Hey, guys!
I just got a royalties check from the children’s book I wrote and I have decided I’m going to put it toward a coup of the United States Government!
I’m super excited because I’ve always wanted to seize control of a floundering global superpower grasping for any remaining hope of the sanctity of law.
But sadly for the American experiment, I have come into mid-four figures, and now it is over. And I am hereby in charge I guess.
So, now that I am an ALMOST six-thousandaire, it is time for me to take Svengali-like control of the executive branch, and then gut and mangle each aspect the federal government to do my bidding.
First things first: Train to Maine. My in-laws live in Maine, and we live in New York City. This means twice a year, we have to drive our VERY young children seven hours to see their grandparents. This changes today. In my first act as kleptocrat, I will make all the trains go from Brooklyn to the very small coastal town in Maine where Grandma Cece and Grandpa Jack live. The estimated cost to taxpayers for this project is about $400 million give or take another $500 million, and I think that’s a small price to pay for us being able to sit on a train where they can walk around and not bother us while we work on our laptops.
Secondly: Universal healthcare, comprehensive paid family leave, and equal rights for all, including civil, reproductive, LGBT, and other. This is also important.
Thirdly: Garbage day is every other day. Guess what. If you miss garbage day, that should not be a life-ruining mistake. Now that I have earned close to $6k from the sales of a children’s book, we will MANUFACTURE more garbage trucks (um, jobs much?) and make the trucks pick up the garbage more frequently.
Fourth: Save the planet. We’re going to shift entirely to renewable energy. I have like nine friends from (AN ALMOST INCREDIBLE) college who all do that professionally, and they will run it. I’m talking solar, wind, fusion, and truly anything that isn’t drilling for oil. This is important because the fate of all life on earth depends on it. Besides, there is going to be a LOT more garbage so we need to basically do this at the same time as the “Every Other Day is Garbage Day” plan.
Fifth: Suggestion box!
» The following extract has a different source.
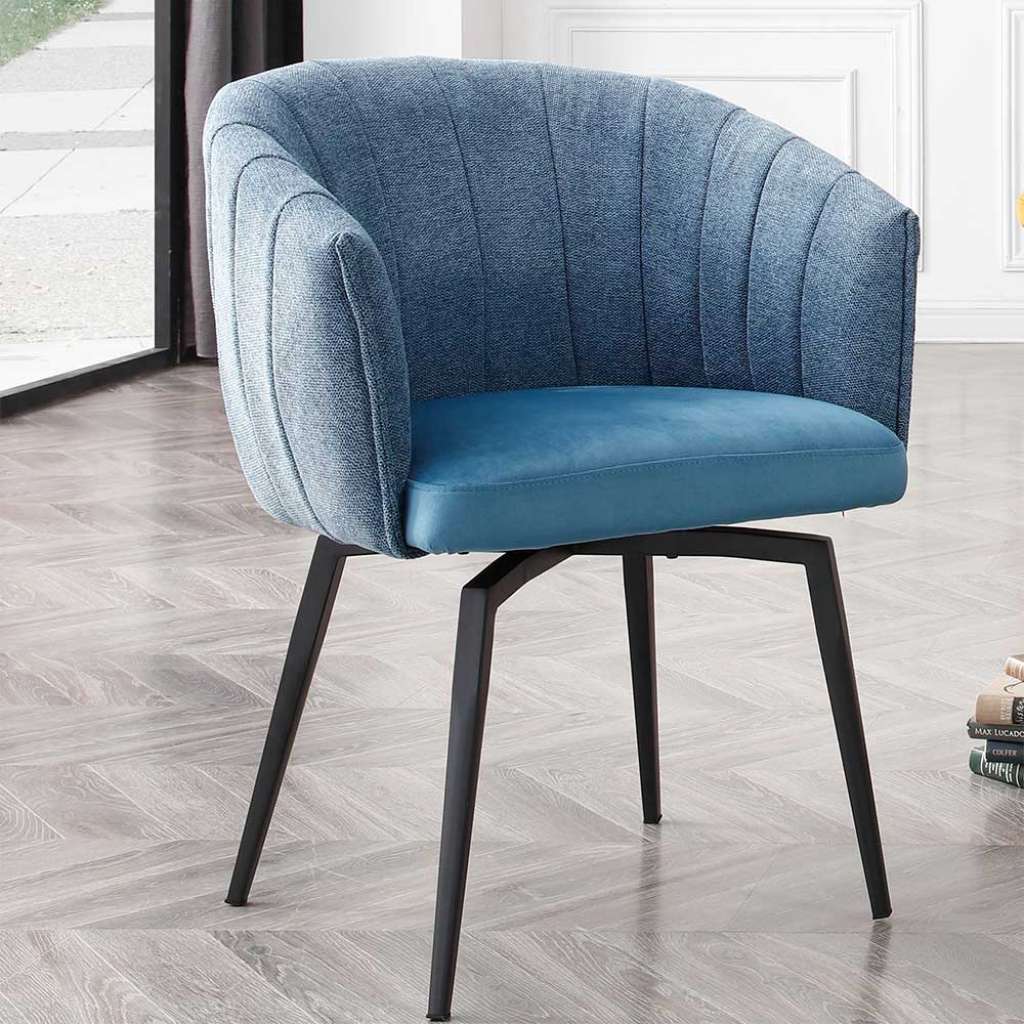 Armlehnenstuhl in Blau Samt drehbar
Part of being a wealth-hoarder who has ingratiated herself to a senile lunatic president whose only weakness is flattery and proximity to power is BEING A GOOD LISTENER. I’m anticipating most suggestions will be to stop arming foreign conflict and to promote lasting peace abroad, so we will look to that! As a very, very wealthy person now, it’s really the least I can do.
Thank you all so much for buying the book that made this coup possible, and I am thrilled to take control of such an unstable and well-armed failed state. As I famously said to every single boyfriend before I met my nice husband: It doesn’t matter that you are irreparably broken, because I alone can fix you.
And I know just the $5,713.86 palmed directly into Donald Trump’s clammy little hand that will do it.
All hail me!
Sincerely,
Bess
All Hail Bess! Please take over our government, please please please!
I fully support all of this but especially the train! Being a person who lives in coastal Maine who also loves to visit NYC I think this is the most critical issue of our time.